What this task involves: This exercise calls for retyping every line below exactly, with the images omitted.
─── Provided entries
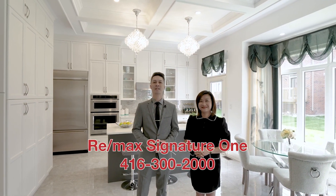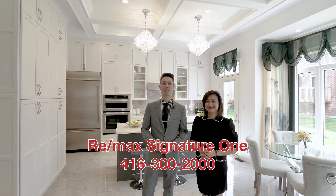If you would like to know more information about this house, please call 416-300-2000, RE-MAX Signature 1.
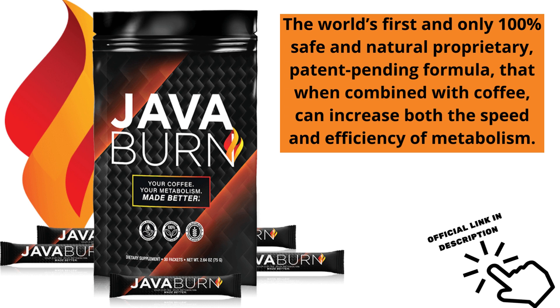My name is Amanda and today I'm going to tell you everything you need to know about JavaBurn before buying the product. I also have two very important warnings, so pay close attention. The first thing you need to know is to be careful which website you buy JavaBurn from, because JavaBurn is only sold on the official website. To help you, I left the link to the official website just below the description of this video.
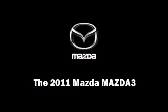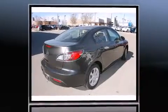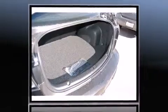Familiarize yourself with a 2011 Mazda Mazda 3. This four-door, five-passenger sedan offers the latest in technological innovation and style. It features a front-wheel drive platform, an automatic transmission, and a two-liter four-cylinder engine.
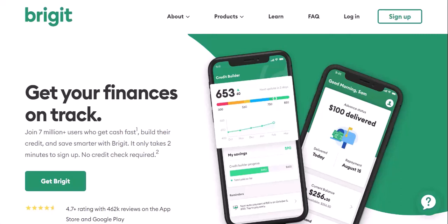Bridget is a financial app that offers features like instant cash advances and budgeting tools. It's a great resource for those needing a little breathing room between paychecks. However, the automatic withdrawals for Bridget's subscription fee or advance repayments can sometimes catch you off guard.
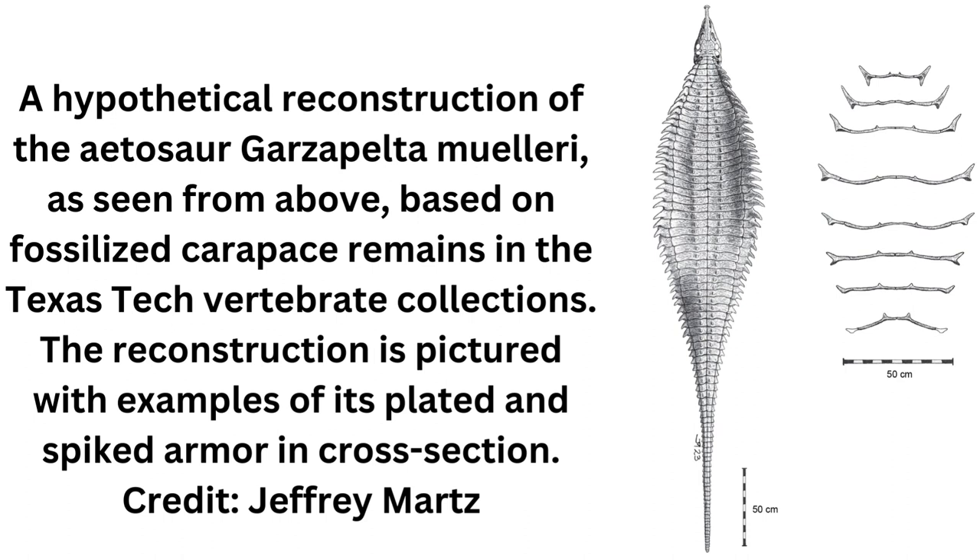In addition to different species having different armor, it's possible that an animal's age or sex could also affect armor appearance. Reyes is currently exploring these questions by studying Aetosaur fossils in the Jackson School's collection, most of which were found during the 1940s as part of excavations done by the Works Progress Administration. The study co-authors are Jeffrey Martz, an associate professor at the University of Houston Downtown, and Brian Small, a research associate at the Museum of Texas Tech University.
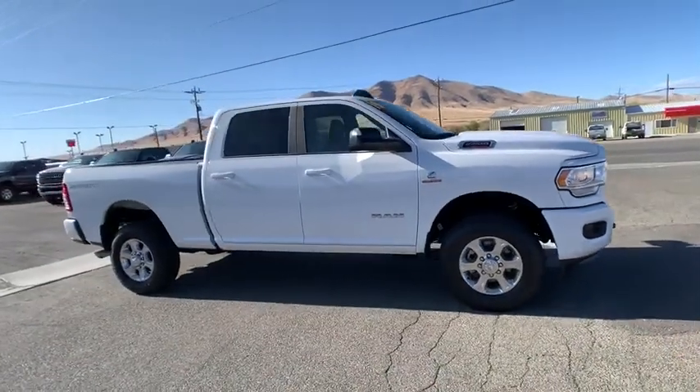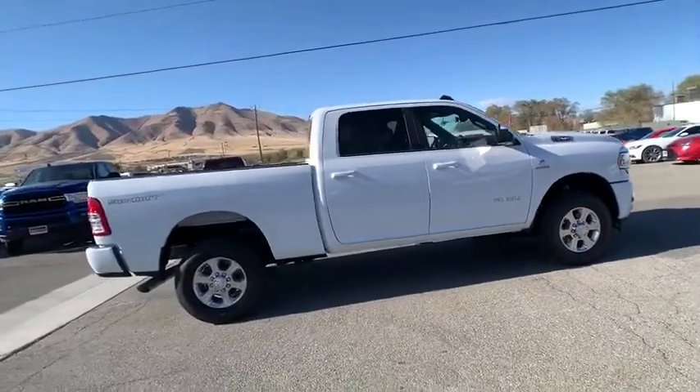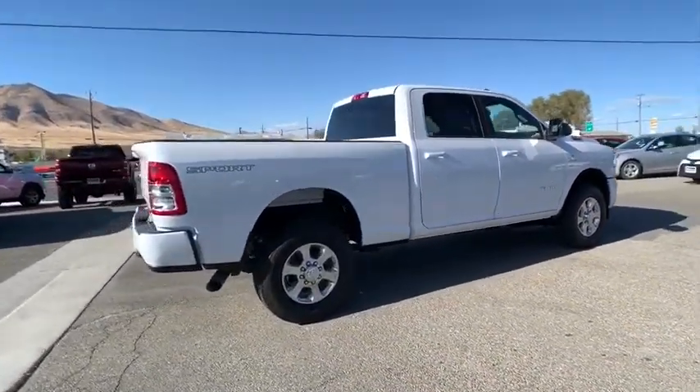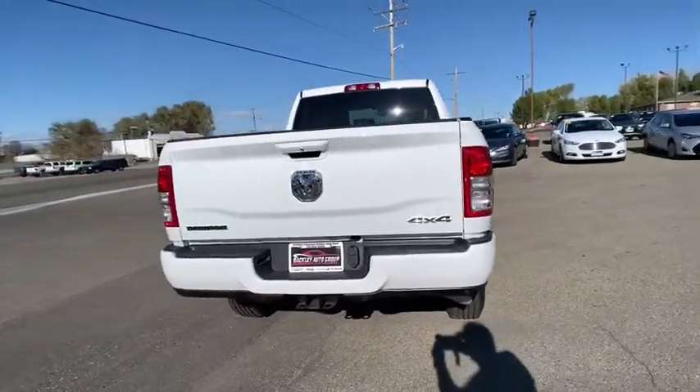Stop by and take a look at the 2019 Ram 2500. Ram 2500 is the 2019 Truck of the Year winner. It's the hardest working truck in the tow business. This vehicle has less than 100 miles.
──────
Response to the task:
If you would like to know more information about this house, please call 416-300-2000, RE-MAX Signature 1.
My name is Amanda and today I'm going to tell you everything you need to know about JavaBurn before buying the product. I also have two very important warnings, so pay close attention. The first thing you need to know is to be careful which website you buy JavaBurn from, because JavaBurn is only sold on the official website. To help you, I left the link to the official website just below the description of this video.
Familiarize yourself with a 2011 Mazda Mazda 3. This four-door, five-passenger sedan offers the latest in technological innovation and style. It features a front-wheel drive platform, an automatic transmission, and a two-liter four-cylinder engine.
Bridget is a financial app that offers features like instant cash advances and budgeting tools. It's a great resource for those needing a little breathing room between paychecks. However, the automatic withdrawals for Bridget's subscription fee or advance repayments can sometimes catch you off guard.
In addition to different species having different armor, it's possible that an animal's age or sex could also affect armor appearance. Reyes is currently exploring these questions by studying Aetosaur fossils in the Jackson School's collection, most of which were found during the 1940s as part of excavations done by the Works Progress Administration. The study co-authors are Jeffrey Martz, an associate professor at the University of Houston Downtown, and Brian Small, a research associate at the Museum of Texas Tech University.
Stop by and take a look at the 2019 Ram 2500. Ram 2500 is the 2019 Truck of the Year winner. It's the hardest working truck in the tow business. This vehicle has less than 100 miles.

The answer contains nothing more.